China attaches importance to its relations with the United States and stands ready to make joint efforts with the U.S. side to develop a constructive and cooperative relationship.
We live in a world of diversity. Given the differences in national conditions, it is not surprising that there are certain disagreements between China and the United States. I believe that different civilizations and social systems ought to have long-term coexistence and achieve common development in the spirit of seeking common ground while shelving differences.
The Sino-U.S. relations are currently faced with the important opportunities of development. We will conduct high-level strategic dialogue, advance exchanges in cooperation in economic, trade, energy, and other fields, and strengthen consultation and coordination on major international and regional issues.
I'm confident that so long as the two sides keep a firm hold of the common interests of the two countries, properly handled, bilateral ties, especially the question of Taiwan, in accordance with the three Sino-U.S. joint communiques, the relations between China and the United States will continuously move forward.
PRESIDENT BUSH: Mr. President, thank you very much. I, too, felt like we had a very good meeting. I've come to Shanghai because China and other Asia Pacific nations are important partners in the global coalition against terror.
I've also come because the economic future of my nation and this region are inseparable. The nations of APEC share the same threat, and we share the same hope for greater trade and prosperity.
Thank you so much for hosting this meeting. You and the city of Shanghai have done an outstanding job. Mr. President, I visited this city 25 years ago -- a little over 25 years ago. Then I could not have imagined the dynamic and impressive Shanghai of 2001. It's an impressive place, and I know you're proud. It's a tribute to the leadership of the current officials of Shanghai, as well as to your leadership as a former mayor, Mr. President.
We have a common understanding of the magnitude of the threat posed by international terrorism. All civilized nations must join together to defeat this threat. And I believe that the United States and China can accomplish a lot when we work together to fight terrorism.
The President and the government of China responded immediately to the attacks of September 11th. There was no hesitation, there was no doubt that they would stand with the United States and our people during this terrible time. There is a firm commitment by this government to cooperate in intelligence matters, to help interdict financing of terrorist organizations. It is -- President Jiang and the government stand side by side with the American people as we fight this evil force.
China is a great power. And America wants a constructive relationship with China. We welcome a China that is a full member of world community, that is at peace with its neighbors. We welcome and support China's accession into the World Trade Organization. We believe it's a very important development that will benefit our two peoples and the world.
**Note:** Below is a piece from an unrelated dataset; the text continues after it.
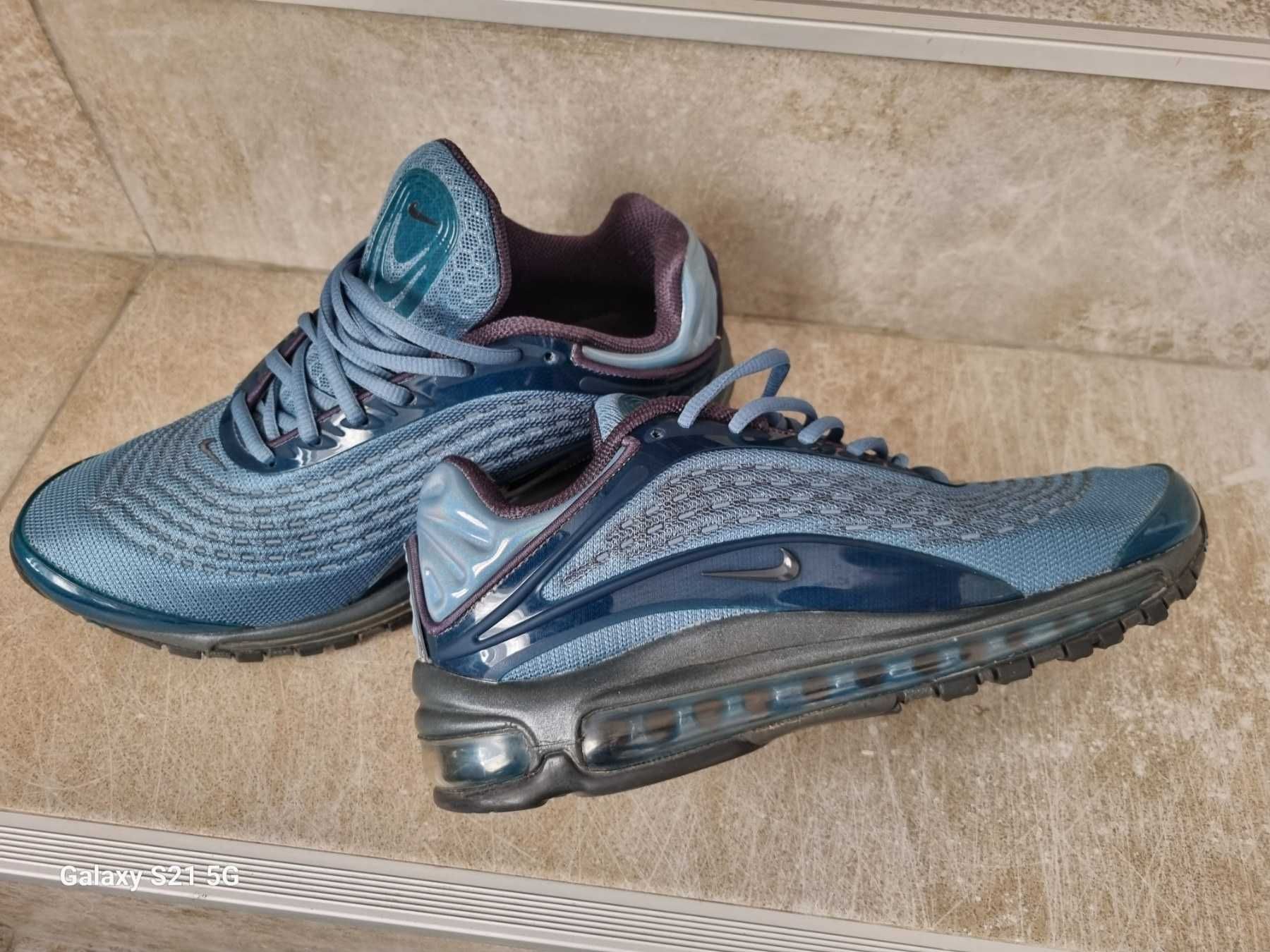 Nike air max deluxe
In the long run, the advance of Chinese prosperity depends on China's full integration into the rules and norms of international institutions. And in the long run, economic freedom and political freedom will go hand in hand.
We've had a very broad discussion, including the fact that the war on terrorism must never be an excuse to persecute minorities. I explained my views on Taiwan and preserving regional stability in East Asia. I stressed the need to combat the proliferation of weapons of mass destruction and missile technology.
Today's meetings convinced me that we can build on our common interests. Two great nations will rarely agree on everything; I understand that. But I assured the President that we'll always deal with our differences in a spirit of mutual respect. We seek a relationship that is candid, constructive and cooperative.
I leave my country at a very difficult time. But this meeting is important because of the campaign against terror, because of the ties between two great nations, because the opportunity and hope that trade provides for both our people.
I regret, Mr. President, I couldn't accept your invitation to visit Beijing, but it will happen at a different time.
PRESIDENT JIANG: Next time.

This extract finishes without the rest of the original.